In general, no schema is needed when reading from a Parquet static data source since the Parquet metadata usually contains the schema. However, for streaming data source, you will have to provide a schema. (We will cover reading from streaming data sources in chapter 9.) Parquet is also the default and preferred data source for Spark because it’s efficient, uses columnar storage, and employs faster compression algorithm. You will see additional benefits later (such as columnar pushdown) when we cover the Catalyst optimizer in greater depth.

Furthermore, you can omit format(“parquet”) as it will resort to Parquet, Spark’s default data source.

DataFrameWriter

Like its counterpart, DataFrameWriter does the reverse: it saves or writes data to a specified built-in data source. Unlike DataFrameReader, you access its instance not from a SparkSession but from the DataFrame you wish to save.19 20

DataFrameWriter.format(args).option(args).bucketBy(args).partitionBy(args).save()
DataFrameWriter.format(args).option(args).sortBy(args).saveAsTable()

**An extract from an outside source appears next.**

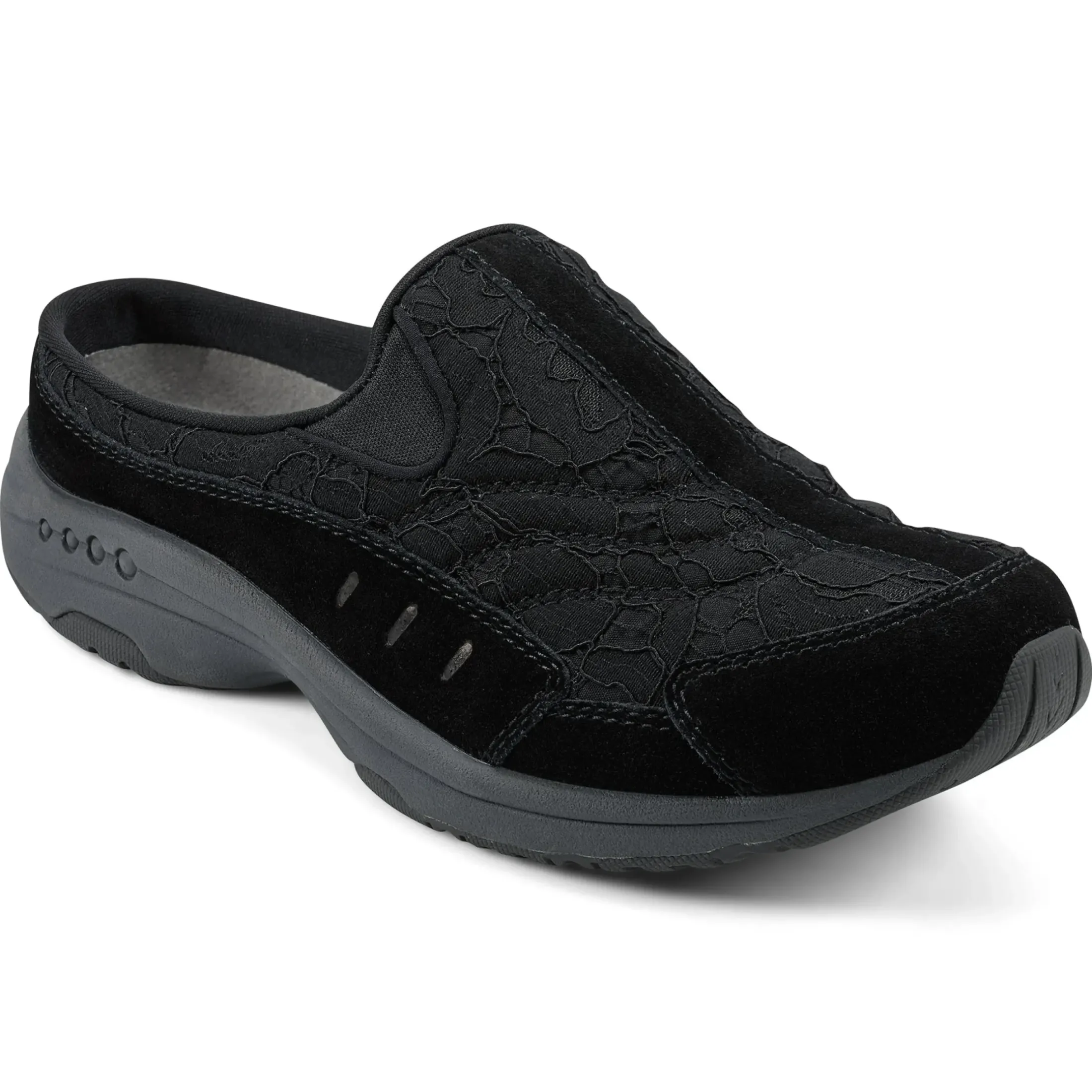 Traveltime Family|Traveltime Clogs>Easy Spirit Traveltime Clogs Black Lace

DataFrame.write or DataFrame.writeStream

Arguments to each of the methods to DataFrameWriter also take different values, and we enumerate each in the table below with a subset of the supported arguments:

Table 4-2. Table 4-2. DataFrameWriter methods, arguments, and options
Method Arguments Description 
format()
 “parquet”, “csv”, “txt”, “json”, “jdbc”, “orc”, “avro”, etc. If you don’t specify this method, then the default is Parquet or whatever is set in spark.sql.sources.default 
option()
  • (“mode”, {append | overwrite| ignore | error} )
  • (“path”, “path_to_write_to”)
 A series of key/value pairs and options.
The documentation shows some examples.a b		 
bucketBy()
 (numBuckets, col, col…, coln) Number of buckets and names of columns to bucket by. Uses Hive’s bucketing scheme on a file system. 
save() saveAsTableI()
 “/path/to/data/source”
“table_name”
  • Save to path or can be empty if specified in the option(“path”, “...”)
  • Save to the table name,

a https://spark.apache.org/docs/latest/api/scala/index.html#org.apache.spark.sql.DataFrameWriter

b https://spark.apache.org/docs/latest/api/python/pyspark.sql.html#pyspark.sql.DataFrameWriter

A couple of short examples to illustrate the use of methods and arguments:

// In scala
// Use JSON
val location = …. 
df.write
  .format(“json”)
  .mode(“overwrite”)
  .sortBy(“lines”)
  .save(location)

Parquet

Let’s start with Parquet since it’s the default data source in Spark. Supported and widely used by many big data processing frameworks and platforms, Parquet is an open-source, columnar file format that offers many I/O optimizations such as compression and columnar format, which saves storage space and allows for quick access to data columns. 21

Because of its efficiency and I/O optimizations, we recommend that after you have transformed and cleansed your data, save your DataFrames in the Parquet format for downstream consumption. (Parquet is also the default table open format for Delta Lake, which we will cover in a later chapter.)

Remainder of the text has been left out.